It was gratifying to see that late last week, blogger Nate Silver took the advice offered by my old boss Harrison Hickman (and presumably many others) and established a procedure to allow pollsters to audit the data from their polls that appear in the database on Silver's website, FiveThirtyEight. Good move.
This week, I want to look at the flip side of that issue, a finding that I mentioned in passing in last week's column. Silver recently scored the accuracy of 4,670 horse race polls from 264 pollsters conducted in the final three weeks of hundreds of campaigns going back to 1998. He then calculated "raw" accuracy scores using a regression model that he says effectively levels the playing field among pollsters by controlling for factors that can affect accuracy, such as the number of interviews, the type of election and the time between the poll and the election.
Silver then took a close look at two sets of pollsters that "have made a public commitment to disclosure and transparency": Members of the National Council on Public Polls (NCPP), who by definition abide by NCPP's Principles of Disclosure, and pollsters that have endorsed the Transparency Initiative launched this year by the American Association for Public Opinion Research (AAPOR).
Silver says his regression models show that pollsters with the NCPP/AAPOR designation were more accurate than the rest, and the relationship grew stronger for some over time: "If they were strong before," he writes, "they were more likely to remain strong; if they were weak before, they were more likely to improve."
This finding raised a few cautious eyebrows in the survey world.

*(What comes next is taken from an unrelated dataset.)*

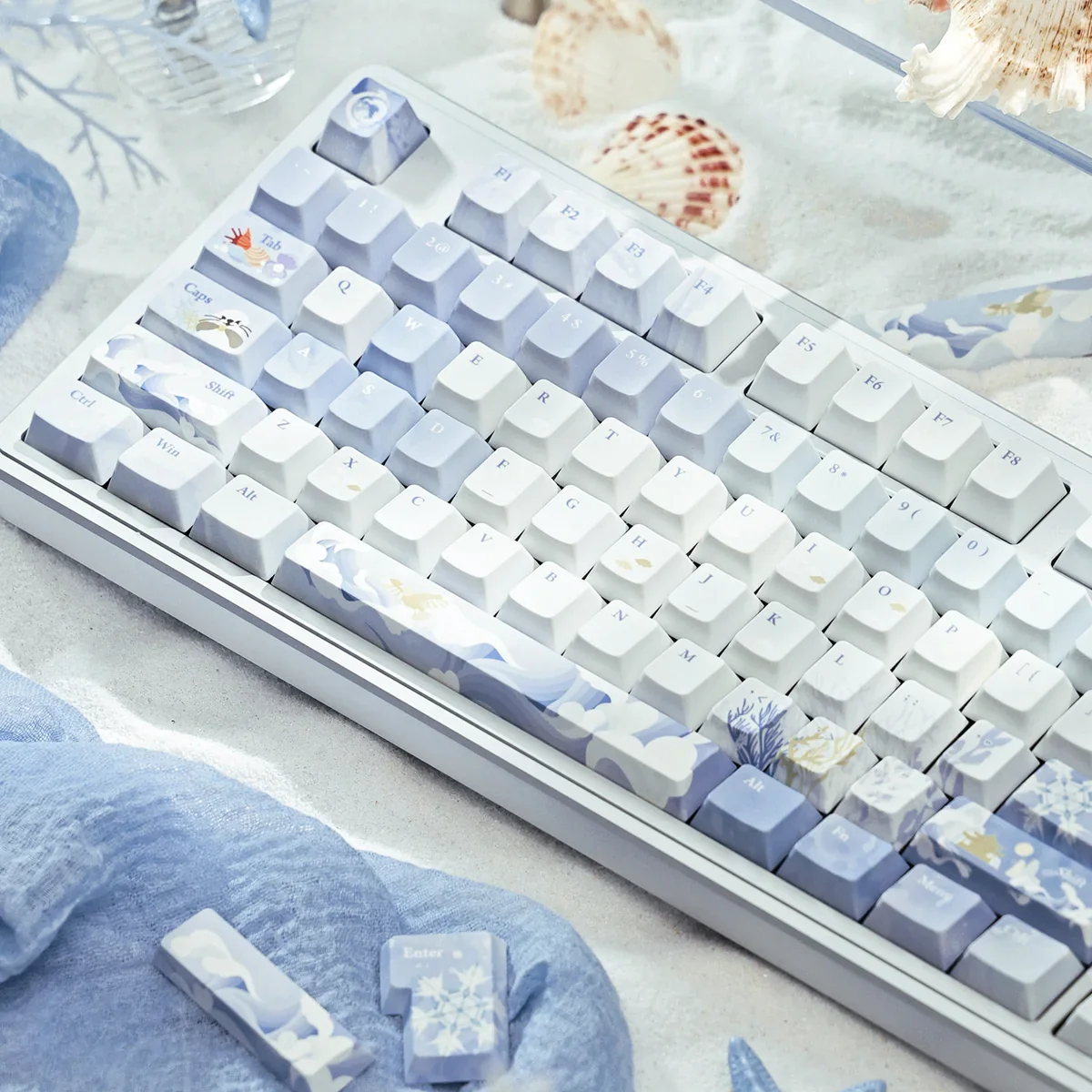 Close-up of JX3 Penglai keycaps, highlighting vibrant blue hues and flowing motifs.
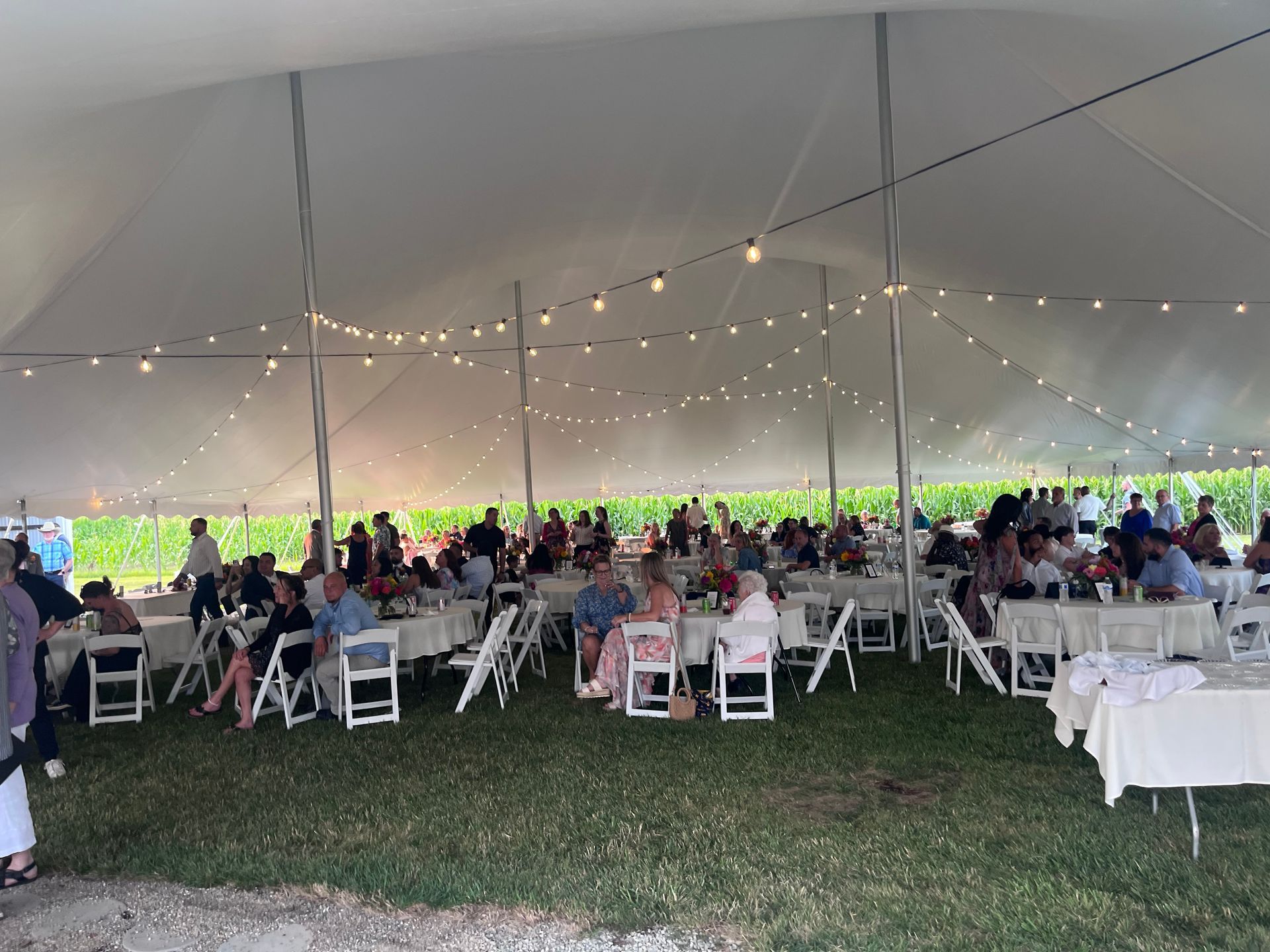 Guests seated at tables under a white tent, string lights overhead, outdoor gathering.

Frank Newport, AAPOR's current president and Gallup Poll editor-in-chief, refrained from evaluating Silver's findings except to underscore AAPOR's "long-standing commitment" to disclosure and transparency. He also shared, via e-mail, the assumption "that polling organizations that adhere to AAPOR standards will tend to be among the best in the business."
NCPP President Evans Witt spoke more directly to the linkage between transparency and accuracy: "Those who conduct and sponsor quality research are often first in line to disclose relevant information about their surveys.
"On the other end of the spectrum," he added, "there is no way to assess the quality of surveys about which the relevant information has not been disclosed."
However, Witt also offered a caution: "As much as we might like to think otherwise, disclosure does not equal quality. Full and complete disclosure does not turn a poorly crafted survey with shoddy methodology into quality research."
Separately, Silver made clear that neither AAPOR nor NCPP endorse his ratings "in any implicit or explicit way."
I have to admit that I want to believe the effect Silver identifies is real. I am a strong supporter of AAPOR's Transparency Initiative and have advocated scoring the quality of pollster disclosure. The pollsters I know that are most active in AAPOR and NCPP are typically the first to disclose information when I request it. They also tend to be more grounded in "tested practices" and the true science of survey research.
So in that sense, I assume that if Silver's NCPP/AAPOR effect is real, it is less about transparency per se than about other pollster values and practices that often correlate with it.
We should be clear, of course, that whatever one makes of Silver's findings, they are not about a literal cause-and-effect relationship between transparency and accuracy. I don't think anyone would argue that endorsing the transparency initiative last month "caused" pollsters' surveys to be more accurate a year or 10 years ago.
But as much as I want to believe in the effect, I still have questions. Virtually all of the observed effect rests on a number of regression models. The biggest open question is whether Silver's initial raw score model leveled the playing field among pollsters as advertised, so that the error scores for, say, a pollster that conducts mostly polls in presidential general elections are comparable to those from a pollster that conducts a lot of statewide polls in governor and U.S. Senate races.
I asked Silver about two possibilities: Would the effect still be present if he examined only general elections for Senate and governor (as many of the NCPP/AAPOR organizations poll mostly in national elections for president)? And would it still be present if he did the analysis without super-accurate SurveyUSA, which accounts for more than half the polls in his NCPP/AAPOR category?
The short answer is that he thinks the effect holds up in both cases, although he concedes that when treating SurveyUSA as a separate variable on the sort of straightforward regression analysis of all of the raw scores, it "dips closer to the 90 percent confidence threshold in some circumstances, but it depends on exactly which assumptions you make."
Patrick Murray, director of the Monmouth University Polling Institute, did his own analysis of Silver's raw error scores and says he found more variation within each group (NCPP/AAPOR versus the rest) than between them. The group differences "appear to be idiosyncratic," he said via e-mail, if limited to pollsters with 10 or more surveys in Silver's database, "thus arguing for evaluating each pollster on its own merits, not by group evaluation."
Confused? Me too. I'd like to believe in the transparency effect, but I need to see more evidence.